[The data Boundary: Start]
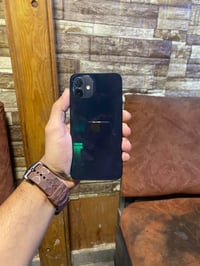 آيفون ١٢ • ذاكرة ٦٤ • بطارية ٧٩٪
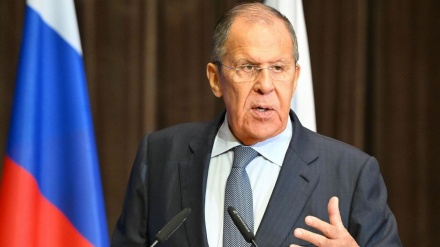 LAVROV UPOZORAVA PROTIV NAPADA NA RUSIJU DALEKOMETNIM ORUŽJEM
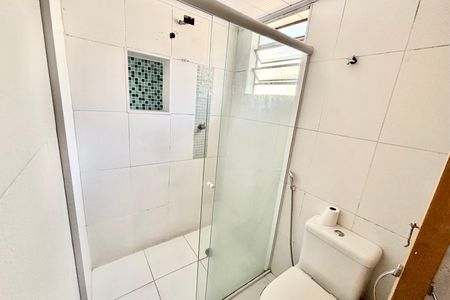 Banheiro  de apartamento à venda com 2 quartos, 54m² em Conjunto Habitacional Padre Manoel de Paiva, São Paulo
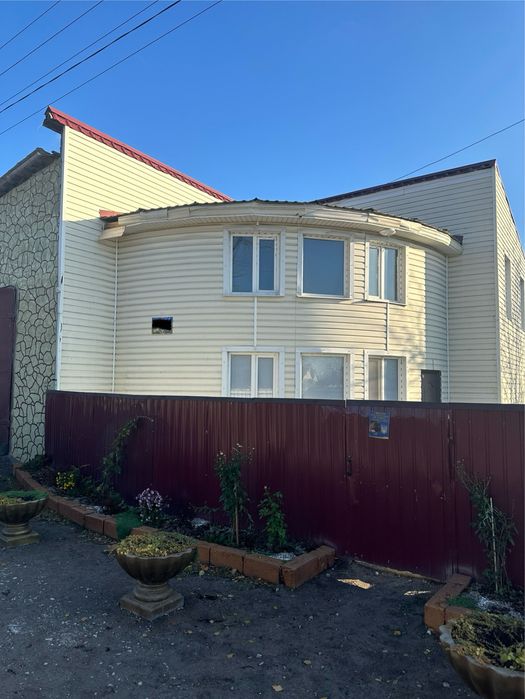 Продам Шикарный 2х эт Дом в Центре Елизаветовке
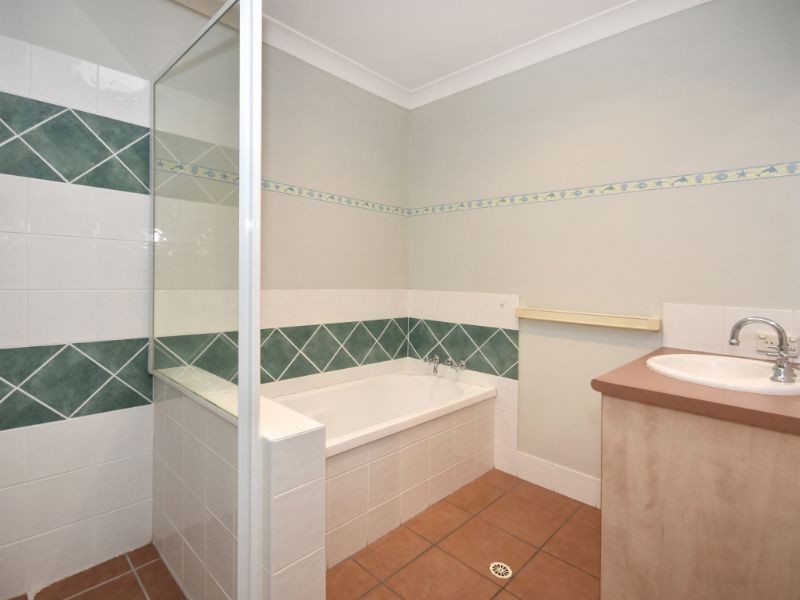 2/10 Birch Street, Caloundra West QLD 4551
[The data Boundary: End]
Task directions: Above are the records. Copy exactly, and only, the lines from the line containing "Продам Шикарный 2х" through the last one, omitting any pictures.

Response to the task:
 Продам Шикарный 2х эт Дом в Центре Елизаветовке
 2/10 Birch Street, Caloundra West QLD 4551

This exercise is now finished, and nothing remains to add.